Reproducing parallel results

mortont commented 6 years ago

I've been trying to reproduce the parallel wavenet results, however I'm running into some issues with training the teacher model. I have trained it on the LJ Speech dataset with the default wavenet_mol.json configuration to ~280k steps (all other hparams are unchanged as well). The loss looks good, however the evaluated speech is just babbling, as if local conditioning wasn't used.

I didn't see anything immediately apparent as to why this is happening, do you have any ideas?

bfs18 commented 6 years ago

Hi @mortont Could you provide more information? For example, the loss curve, some generated samples and the code commit.

mortont commented 6 years ago

Sure, I'm on commit 67eacb995aef465d1e2ed810f25e0d7d3899e9b6 and this is the loss curve

This is one of the generated samples: gen_LJ001-0028.wav.zip For reference, this is the original that was used for the mel conditioning: LJ001-0028.wav.zip

What loss did you let the teacher get to in your examples? Wondering if this just needs more training time. Let me know if any other information would be helpful.

bfs18 commented 6 years ago

According to my experience, if a small batch size such as 2 is used, 200k training steps is not enough. Because the model haven't seen enough data. What's your batch size? Besides please ensure USE_RESIZE_CONV=False in masked.py. This is my loss curve. loss_curve

mortont commented 6 years ago

Ah, thank you. My batch size is 2 so I'll continue training. I'll go ahead and close this issue and report back when I have good samples for posterity.

bfs18 commented 6 years ago

Hi @mortont , I'm sorry that the wavenet results cannot be reproduced with the default config json. Recently I cannot reporduce the previous result either. And I finally figure out that weight normalization harms the wavenet performance. So setting use_weigh_norm=false in wavenet_mol.json may solve your problem. Initially weight normalization produces some promising results for parallel wavenet. So I keep it as a default configuration. Probabily it has negative effects on the learned mel-sepctrum representation. And good mel-spectrum representation is vital for a good modle, since the wave sample points totaly depend on theit. I'm also doing simaliar tests on parallel wavenet. Once again, I'm sorry.
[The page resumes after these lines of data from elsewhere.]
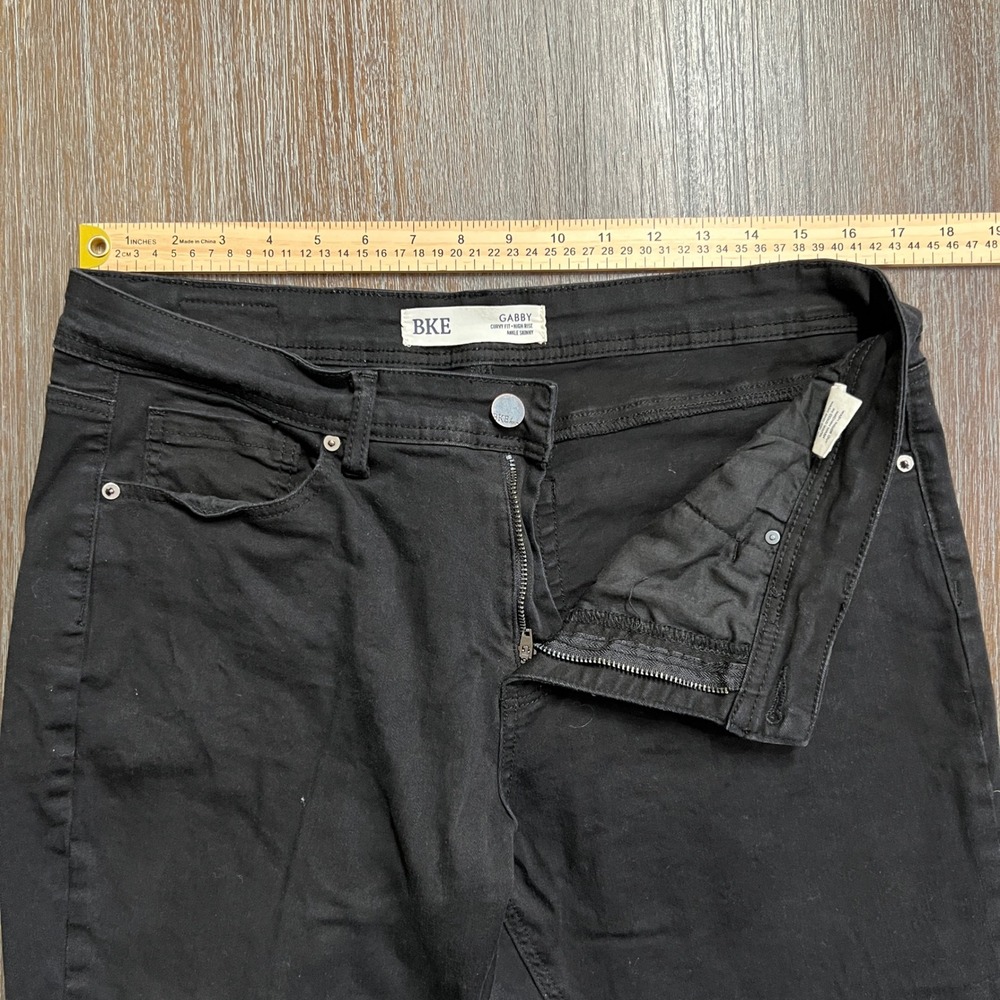 BKE Black GABBY Skinny Jeans Distressed Frayed Hem Women's Size 31 - Picture 7 of 8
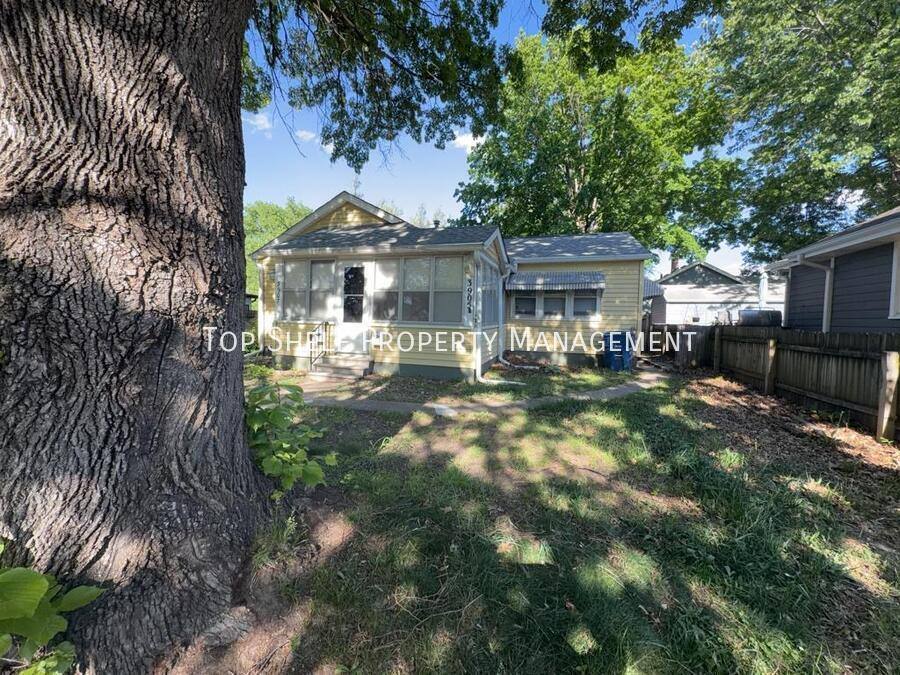 Townhouse for rent at 3905 8th St, Des Moines, IA 50313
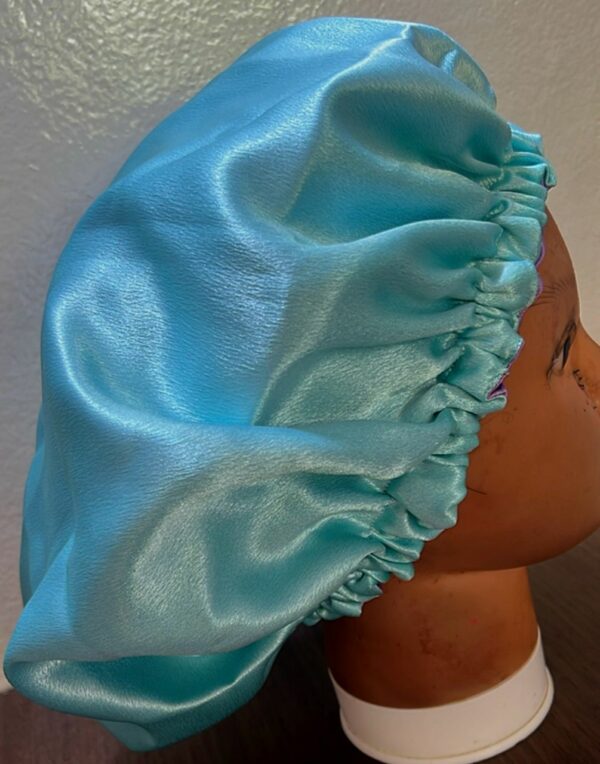 Bonnets setin double face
mortont commented 6 years ago

Good catch @bfs18, thank you! I'll try training with use_weight_norm as false. Unfortunately my training is a bit slow with a single GPU. Do you have a pretrained teacher model to share? I'd be happy to help on any parts of parallel wavenet once I have a good teacher.

mortont commented 6 years ago

Actually, I just saw the updated readme... I'll check that out now.
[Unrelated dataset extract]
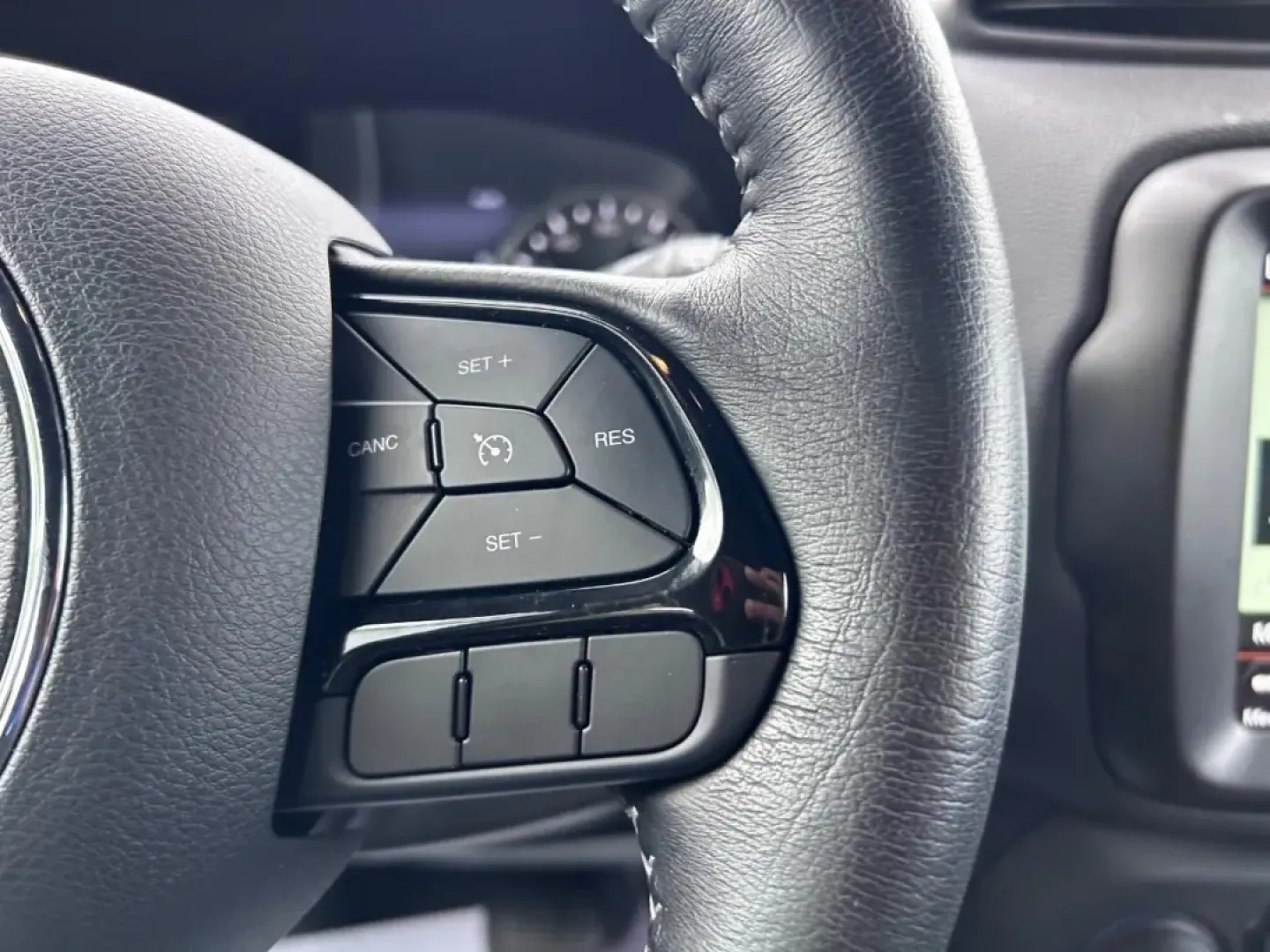 2021 /Black Cloth Jeep Renegade 80th Edition (ZACNJDBB2MP) with an 2.4L I4 ZERO EVAP M-AIR engine, Automatic transmission, located at 970 Woodlawn Dr., Farmington, MO, 63640, (573) 431-7800, 37.825642, -90.468674 - **Discover Your Next Adventure with the 2021 Jeep Renegade at Pettus CDJR Farmington!**<br /> <br /> Are you ready to elevate your weekend getaways or daily commutes? Look no further than the 2021 Jeep Renegade, an ideal crossover designed for those who crave adventure without compromising on comfor - Photo#12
bfs18 commented 6 years ago

Hi, I tested the code, setting use_weigth_norm=False solves the problem. And I implemented http://export.arxiv.org/abs/1807.07281 at this weekend. I will update the code after some testing.

zhang-jian commented 6 years ago

I am getting error when loading the pre-trained model https://drive.google.com/open?id=13rHT6zr2sXeedmjUOpp6IVQdT30cy66_

  File "/scratch/spack/opt/spack/linux-centos7-x86_64/gcc-4.8.5/tensorflow-1.6.0-wm4rkg4qsenbhfdz7fzlopz6qcxckfff/lib/python3.4/site-packages/tensorflow/python/training/saver.py", line 1812, in latest_checkpoint
    if file_io.get_matching_files(v2_path) or file_io.get_matching_files(
  File "/scratch/spack/opt/spack/linux-centos7-x86_64/gcc-4.8.5/tensorflow-1.6.0-wm4rkg4qsenbhfdz7fzlopz6qcxckfff/lib/python3.4/site-packages/tensorflow/python/lib/io/file_io.py", line 337, in get_matching_files
    for single_filename in filename
  File "/scratch/spack/opt/spack/linux-centos7-x86_64/gcc-4.8.5/tensorflow-1.6.0-wm4rkg4qsenbhfdz7fzlopz6qcxckfff/lib/python3.4/site-packages/tensorflow/python/framework/errors_impl.py", line 516, in __exit__
    c_api.TF_GetCode(self.status.status))
tensorflow.python.framework.errors_impl.NotFoundError: /data/logs-wavenet/eval_ckpt/ns_pwn-n_MU-WN_DDI_mfinit-n_LOGS-n_CLIP-MAG-L2-06_27; No such file or directory

Any idea?

bfs18 commented 6 years ago

Hi @zhang-jian, I'm sorry for that. The first line of ns_pwn-eval/checkpoint contains the absolute path of the model checkpoint. You can modify the path according to your file system. Or you can only keep the basename of that path. Refer to ns_wn-eval/checkpoint for an example.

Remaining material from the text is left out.